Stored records
==============================
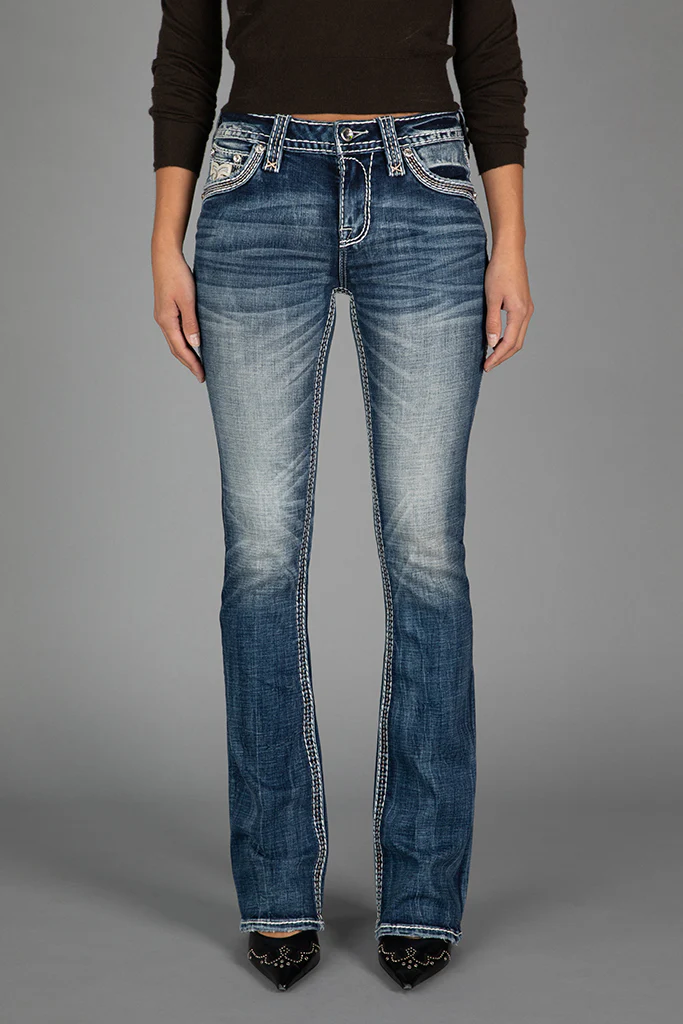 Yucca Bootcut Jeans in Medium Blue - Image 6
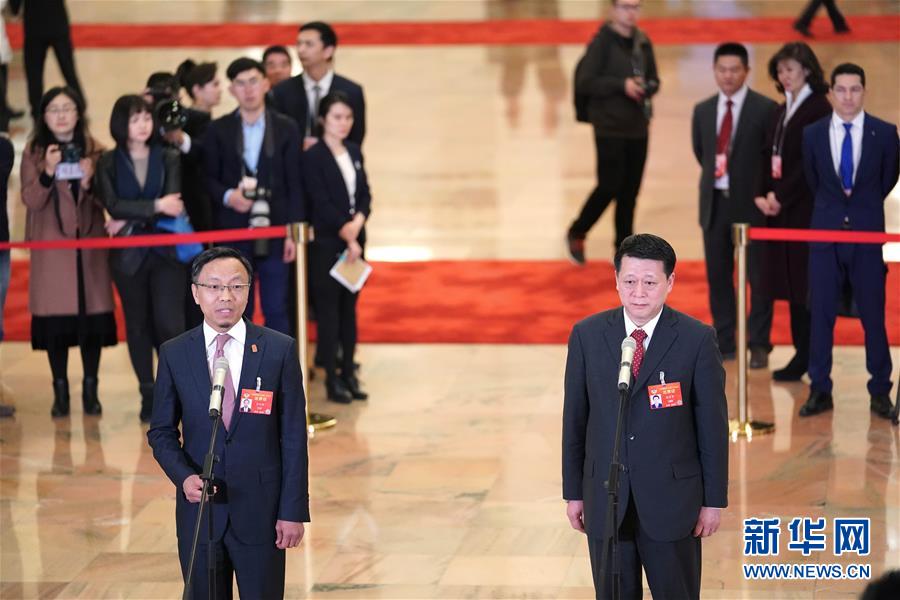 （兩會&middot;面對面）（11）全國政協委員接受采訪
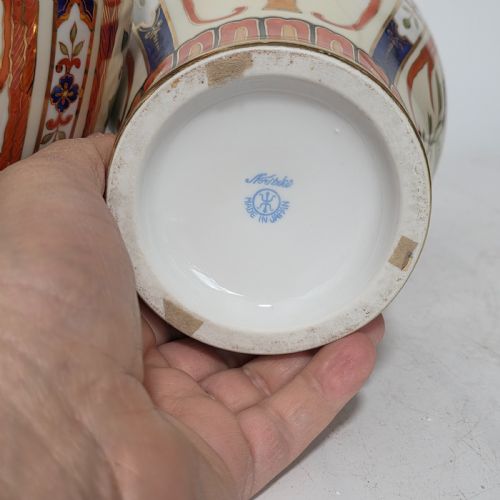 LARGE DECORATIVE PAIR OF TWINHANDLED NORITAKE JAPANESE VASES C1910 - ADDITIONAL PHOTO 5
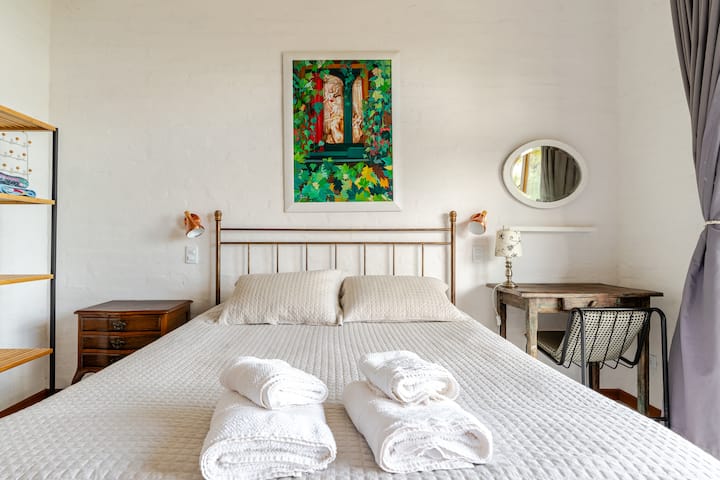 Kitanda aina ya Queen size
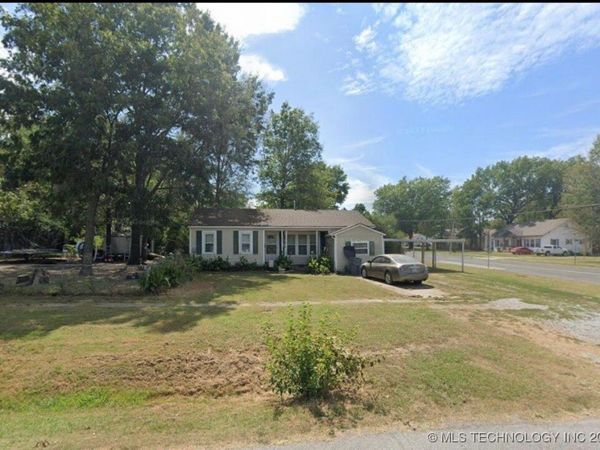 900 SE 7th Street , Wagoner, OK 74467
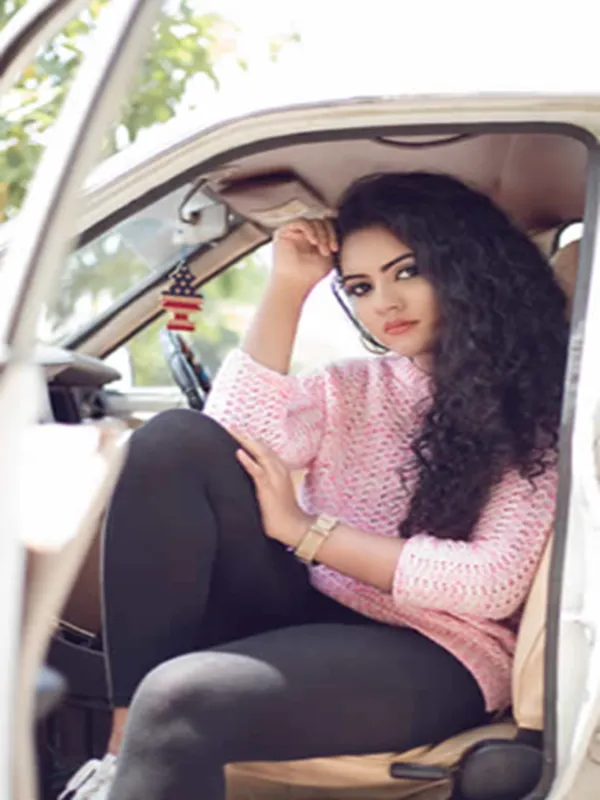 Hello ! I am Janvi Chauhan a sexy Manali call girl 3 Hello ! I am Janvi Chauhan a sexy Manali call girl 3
==============================
Task directions: What you output must match the data exactly, apart from the pictures, which are left out.

Answer box:
 Yucca Bootcut Jeans in Medium Blue - Image 6
 （兩會&middot;面對面）（11）全國政協委員接受采訪
 LARGE DECORATIVE PAIR OF TWINHANDLED NORITAKE JAPANESE VASES C1910 - ADDITIONAL PHOTO 5
 Kitanda aina ya Queen size
 900 SE 7th Street , Wagoner, OK 74467
 Hello ! I am Janvi Chauhan a sexy Manali call girl 3 Hello ! I am Janvi Chauhan a sexy Manali call girl 3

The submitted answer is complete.